▶ EXERCISE DESCRIPTION
A faithful copy of the entries, without any pictures, is what is needed here.

Collection entries
####

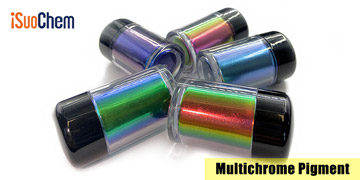 Cos'è il pigmento multicromatico metallico Super Chameleon?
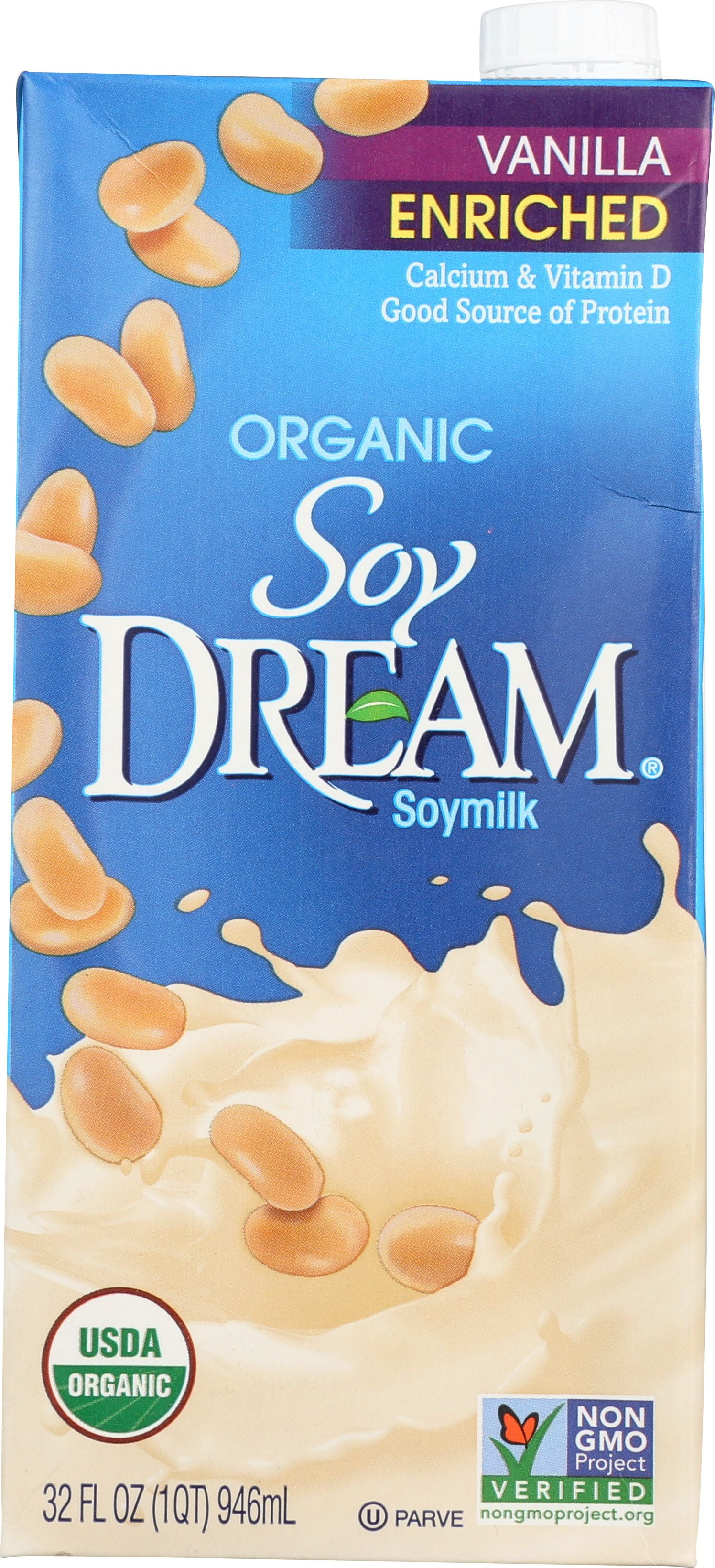 Soy Dream Enriched Vanilla Organic Soymilk, 32 fl oz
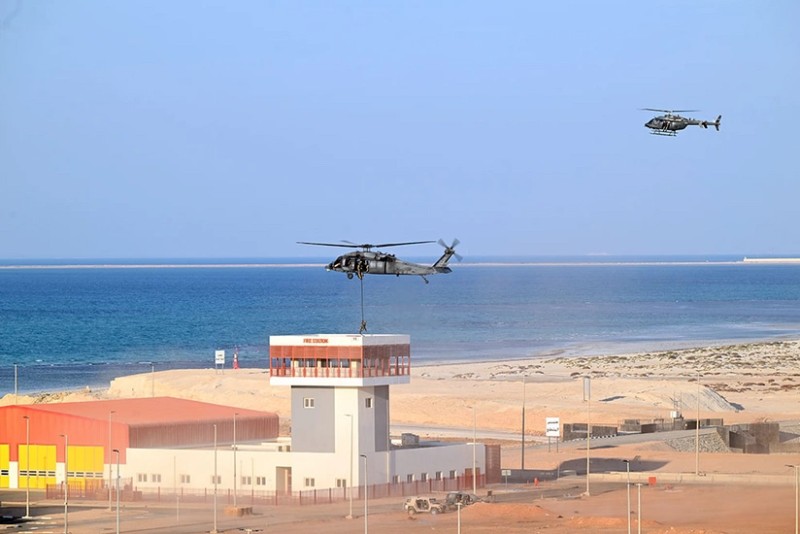 Azərbaycan və BƏƏ hərbçilərinin birgə təliminin hazırlıq məşqləri başlayıb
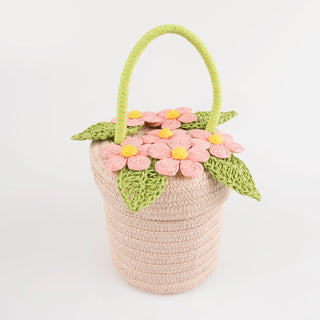 Flowerpot Basket Purse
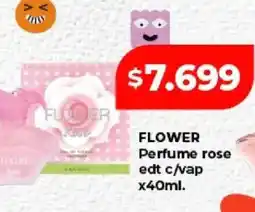 Supermayorista Vital Flower perfume rose oferta
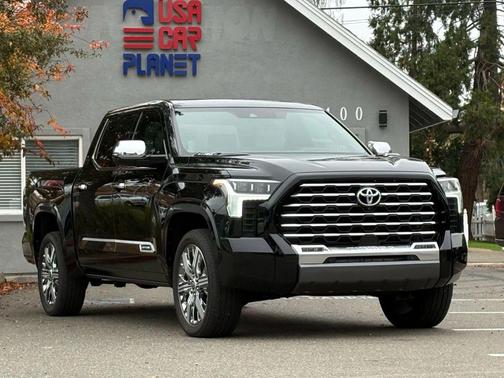 2024 Toyota Tundra Hybrid Capstone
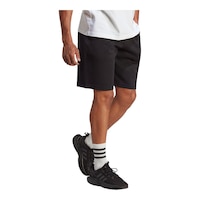 adidas Men's Sportswear FI Badge Of Sport 10-inch Shorts Front_Three_Fourths_Angled_Right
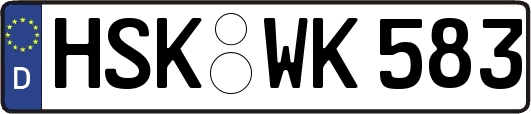HSK-WK583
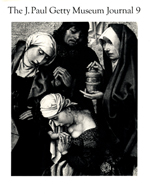 The J. Paul Getty Museum Journal: Volume 9/1981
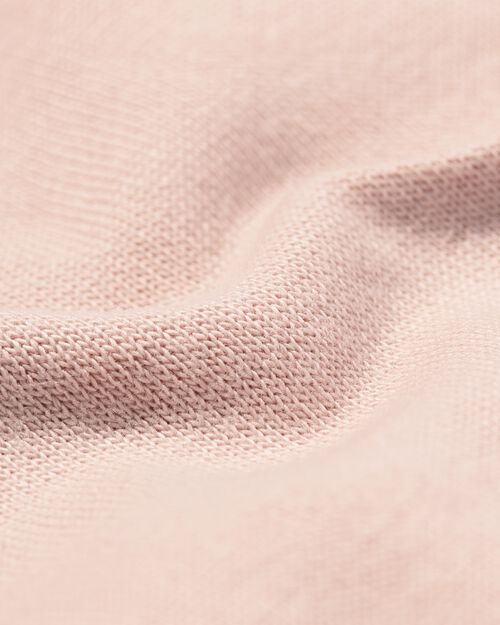 sweat chiens pour bébé vieux rose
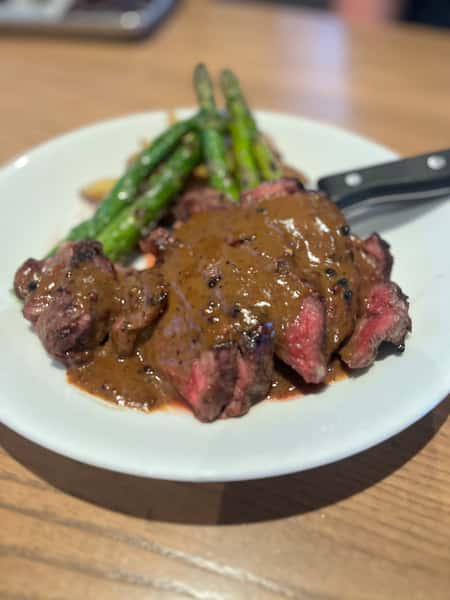 Steak Au Poivre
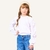 Blusão em malha winter com detalhes de laços PAKITA - comprar online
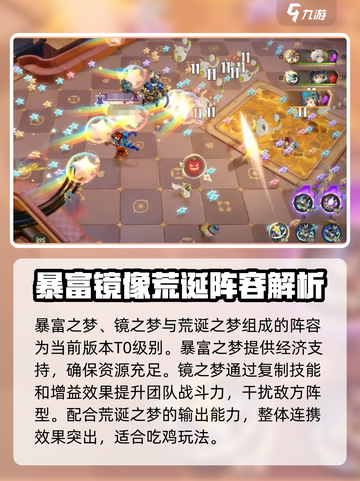 无尽梦回吃鸡阵容推荐介绍截图2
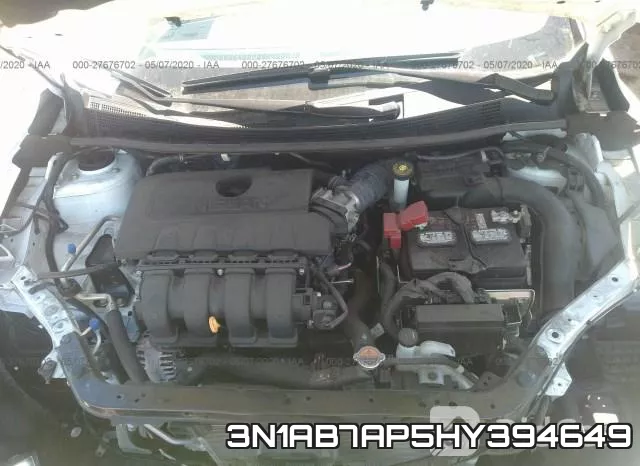 3N1AB7AP5HY394649 фото 2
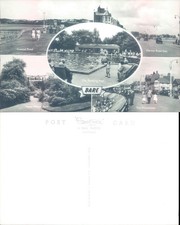 Coastal Road and Paddling Pool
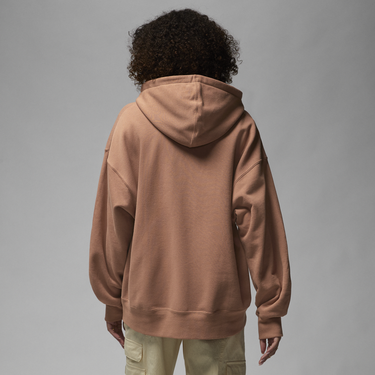 Суитчър Jordan Air Flight Full Zip Hoody Кафяво | DV1393-215, 2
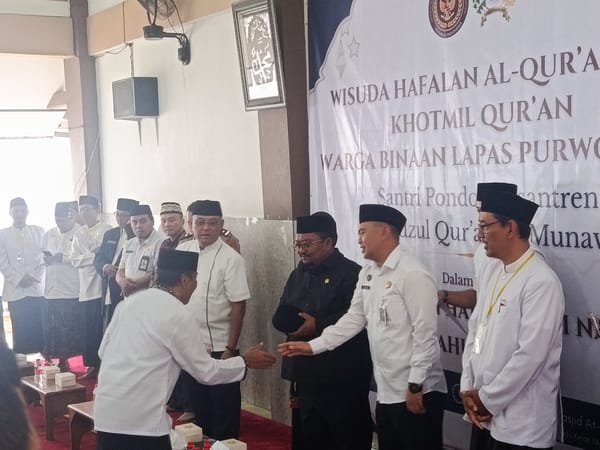 Lima Juz Al Quran di Balik Jeruji, Kisah Iqbal Menemukan Jalan Perubahan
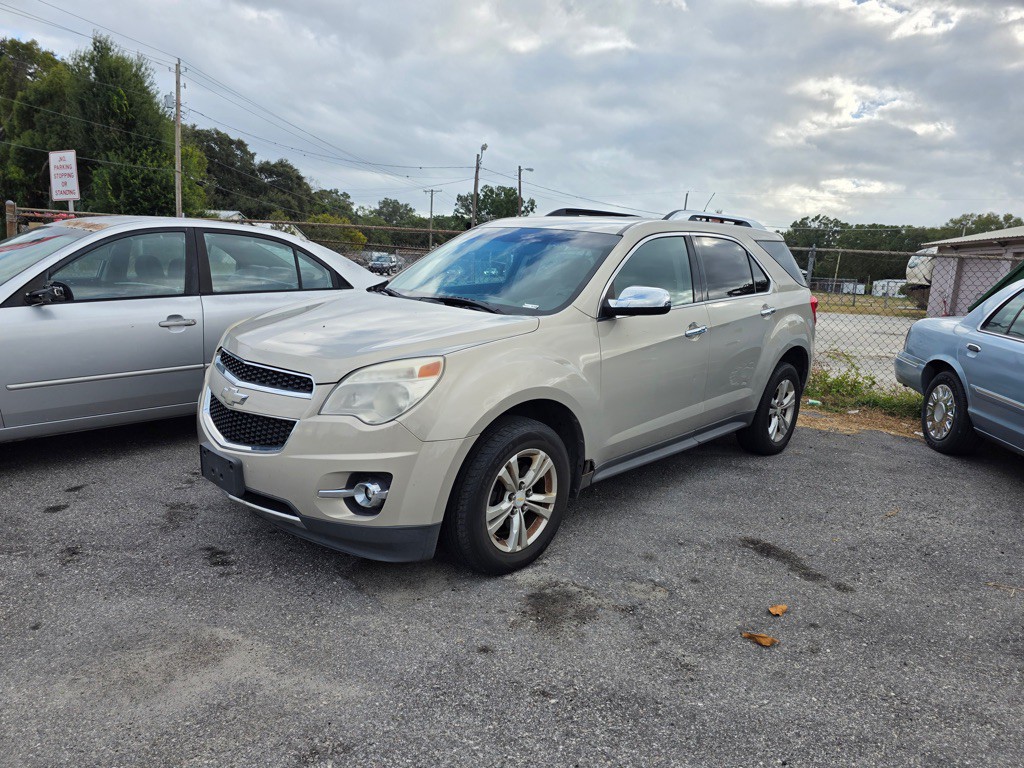 2010 Chevrolet Equinox Image 4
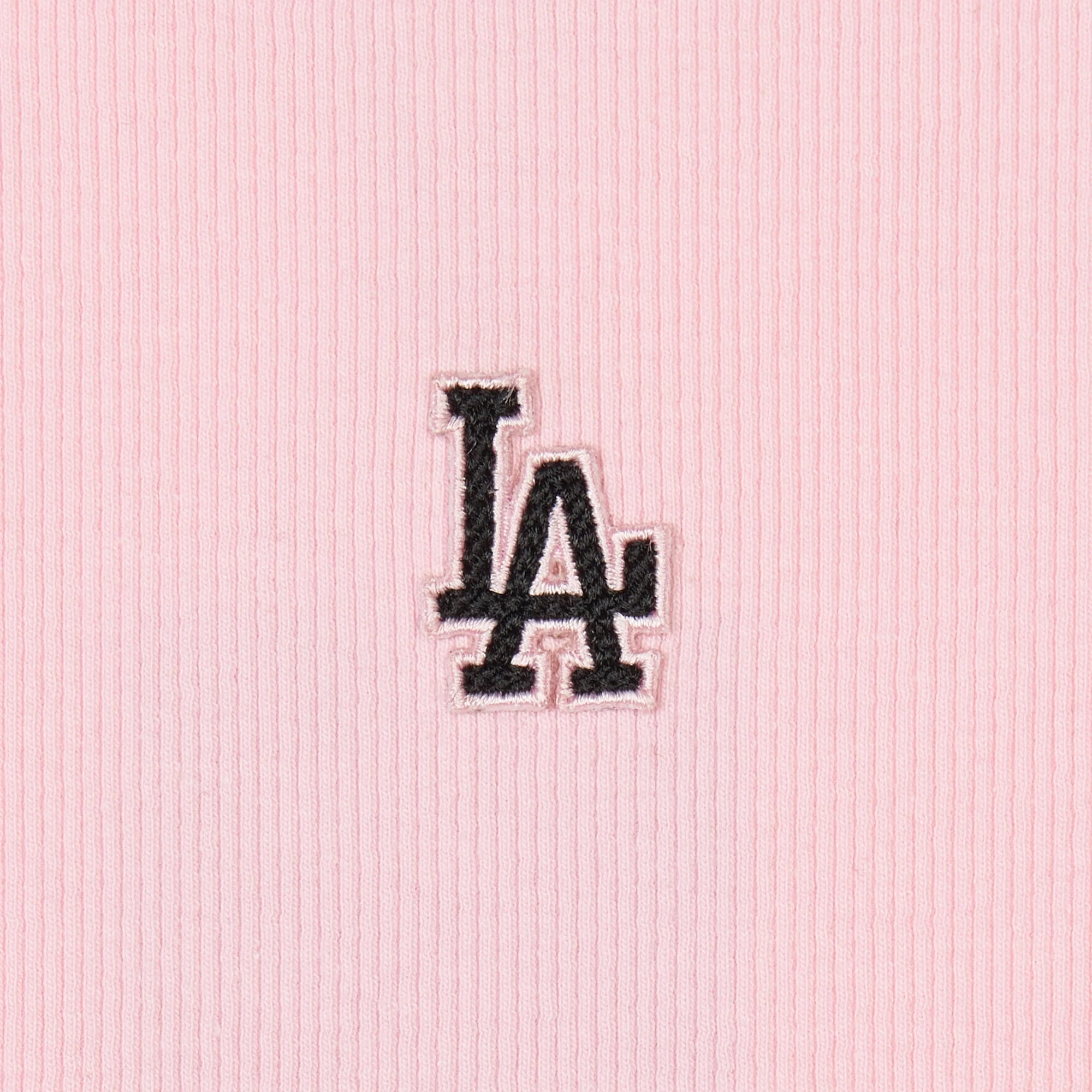 ÁO ĐẦM MLB LA DRESS LONG TOP LOS ANGELES DODGERS PINK 3FOPB0643-07PKL 12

####

▶ ANSWER SPACE
 Cos'è il pigmento multicromatico metallico Super Chameleon?
 Soy Dream Enriched Vanilla Organic Soymilk, 32 fl oz
 Azərbaycan və BƏƏ hərbçilərinin birgə təliminin hazırlıq məşqləri başlayıb
 Flowerpot Basket Purse
 Supermayorista Vital Flower perfume rose oferta
 2024 Toyota Tundra Hybrid Capstone
 adidas Men's Sportswear FI Badge Of Sport 10-inch Shorts Front_Three_Fourths_Angled_Right
HSK-WK583
 The J. Paul Getty Museum Journal: Volume 9/1981
 sweat chiens pour bébé vieux rose
 Steak Au Poivre
 Blusão em malha winter com detalhes de laços PAKITA - comprar online
 无尽梦回吃鸡阵容推荐介绍截图2
 3N1AB7AP5HY394649 фото 2
 Coastal Road and Paddling Pool
 Суитчър Jordan Air Flight Full Zip Hoody Кафяво | DV1393-215, 2
 Lima Juz Al Quran di Balik Jeruji, Kisah Iqbal Menemukan Jalan Perubahan
 2010 Chevrolet Equinox Image 4
 ÁO ĐẦM MLB LA DRESS LONG TOP LOS ANGELES DODGERS PINK 3FOPB0643-07PKL 12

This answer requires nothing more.